- _Work order_: Please copy, exactly as they appear below, the lines from the one containing "Fotografie Martin Fröhlich, Flensburg, Norder" through the one containing "The Dai Ngai".

- _Material for this exercise_:
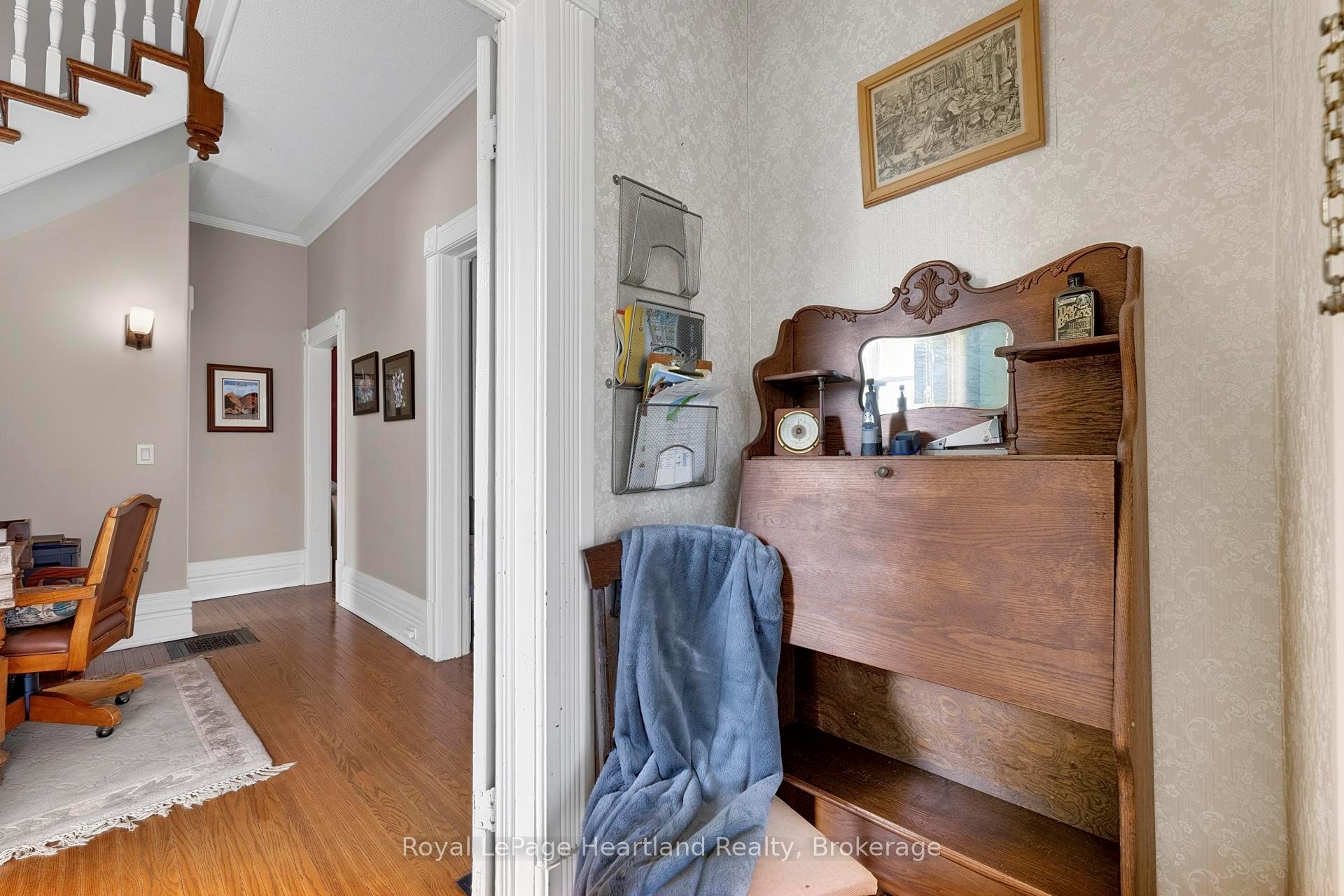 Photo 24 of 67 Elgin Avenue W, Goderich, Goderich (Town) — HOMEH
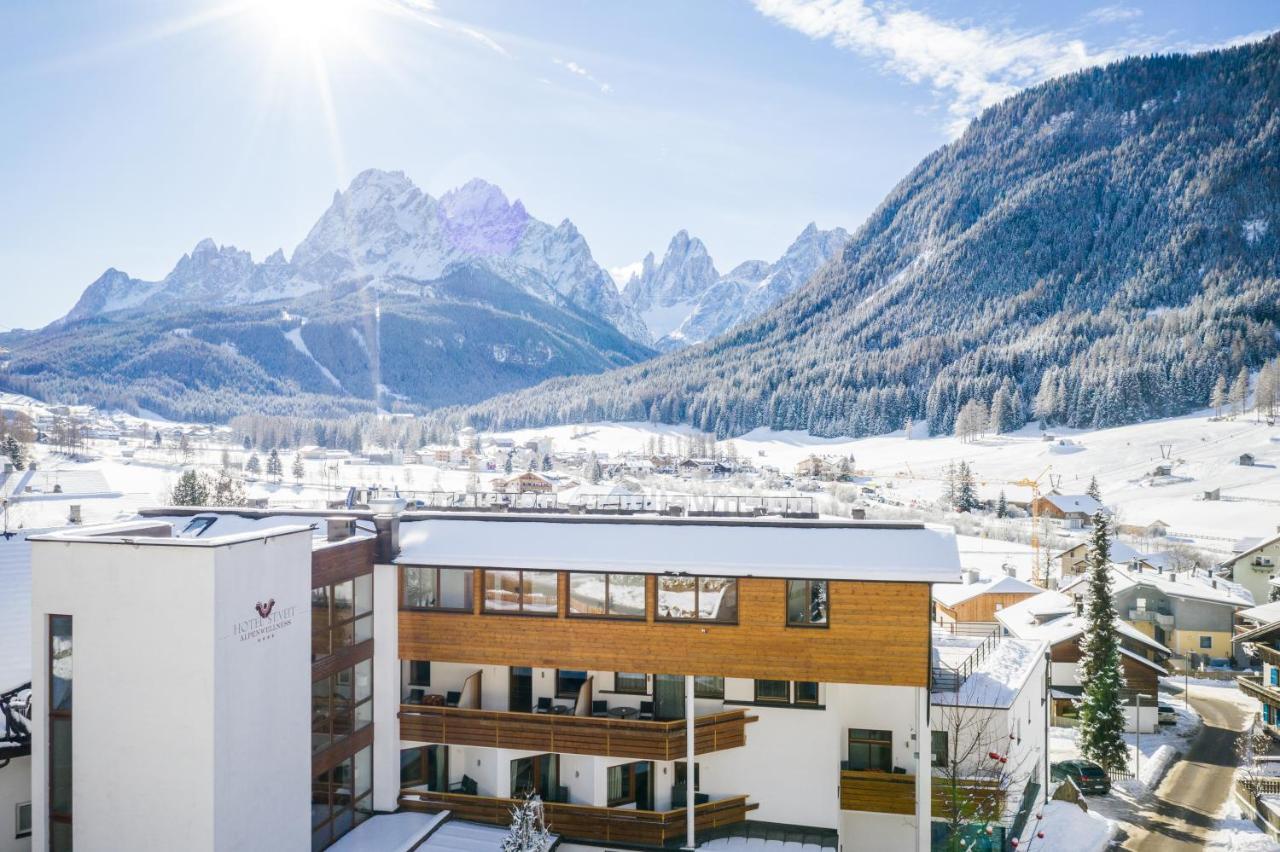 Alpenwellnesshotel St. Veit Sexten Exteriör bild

--

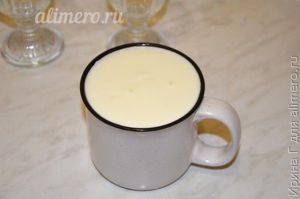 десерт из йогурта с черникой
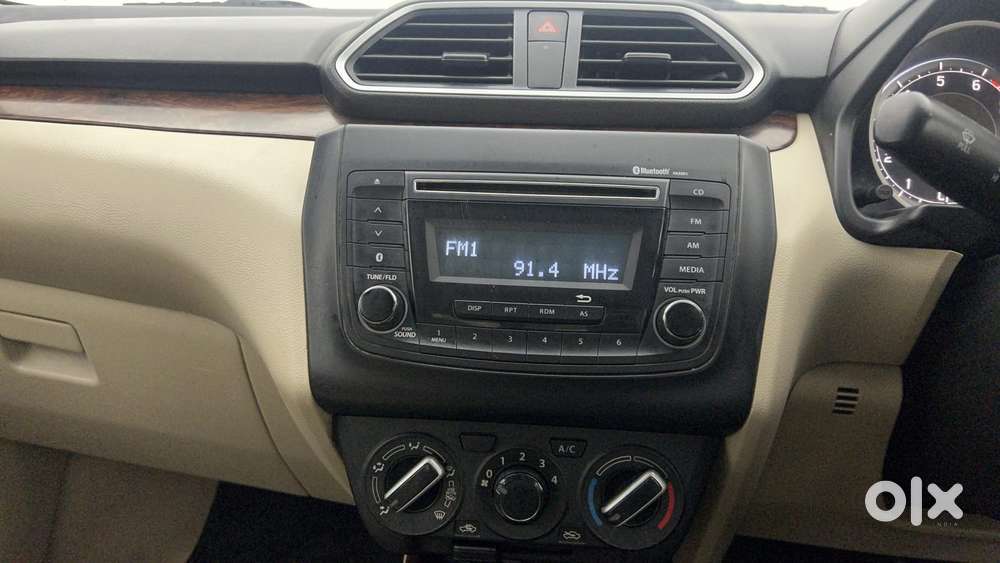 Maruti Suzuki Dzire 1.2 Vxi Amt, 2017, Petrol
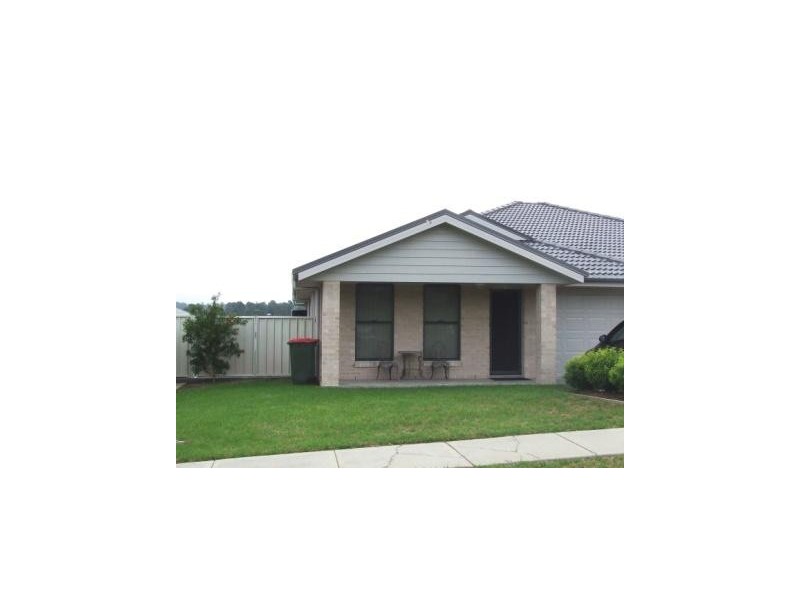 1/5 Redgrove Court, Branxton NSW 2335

* * *

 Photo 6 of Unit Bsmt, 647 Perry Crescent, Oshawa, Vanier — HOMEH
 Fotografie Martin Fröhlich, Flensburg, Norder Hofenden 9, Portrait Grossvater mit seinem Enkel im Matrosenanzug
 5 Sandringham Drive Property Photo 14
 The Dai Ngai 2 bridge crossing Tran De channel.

- _Solution for this problem_:
 Fotografie Martin Fröhlich, Flensburg, Norder Hofenden 9, Portrait Grossvater mit seinem Enkel im Matrosenanzug
 5 Sandringham Drive Property Photo 14
 The Dai Ngai 2 bridge crossing Tran De channel.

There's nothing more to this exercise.